= What you will do =
What you give back must match the data exactly, minus the pictures.
** Opening Supplied material block **
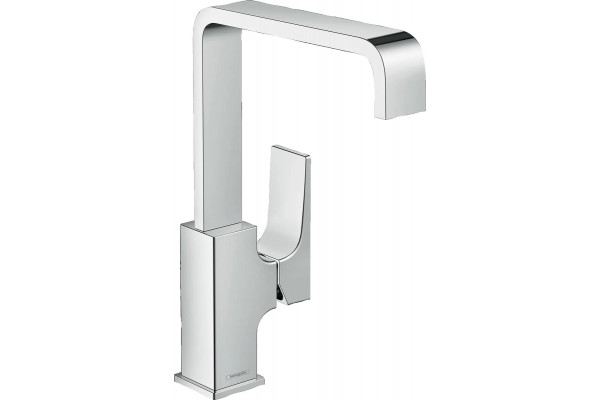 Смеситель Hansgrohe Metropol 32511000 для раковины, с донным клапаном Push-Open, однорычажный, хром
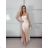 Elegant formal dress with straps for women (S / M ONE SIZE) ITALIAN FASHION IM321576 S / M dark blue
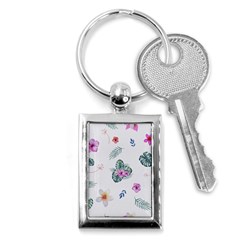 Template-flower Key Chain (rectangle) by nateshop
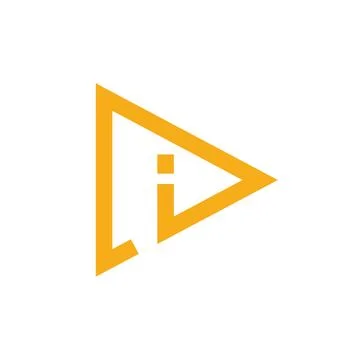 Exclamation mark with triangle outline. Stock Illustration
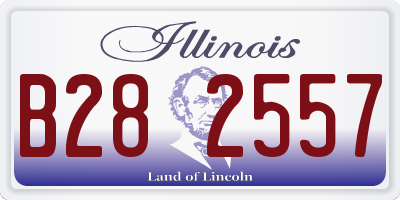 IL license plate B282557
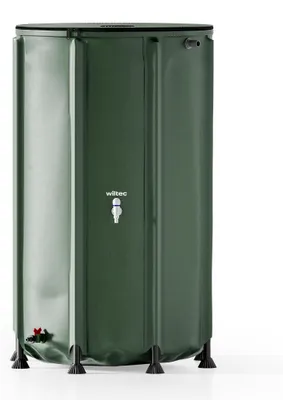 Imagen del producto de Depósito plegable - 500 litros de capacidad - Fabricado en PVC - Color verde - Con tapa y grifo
** Closing Supplied material block **
= Task result =
 Смеситель Hansgrohe Metropol 32511000 для раковины, с донным клапаном Push-Open, однорычажный, хром
 Elegant formal dress with straps for women (S / M ONE SIZE) ITALIAN FASHION IM321576 S / M dark blue
 Template-flower Key Chain (rectangle) by nateshop
 Exclamation mark with triangle outline. Stock Illustration
 IL license plate B282557
 Imagen del producto de Depósito plegable - 500 litros de capacidad - Fabricado en PVC - Color verde - Con tapa y grifo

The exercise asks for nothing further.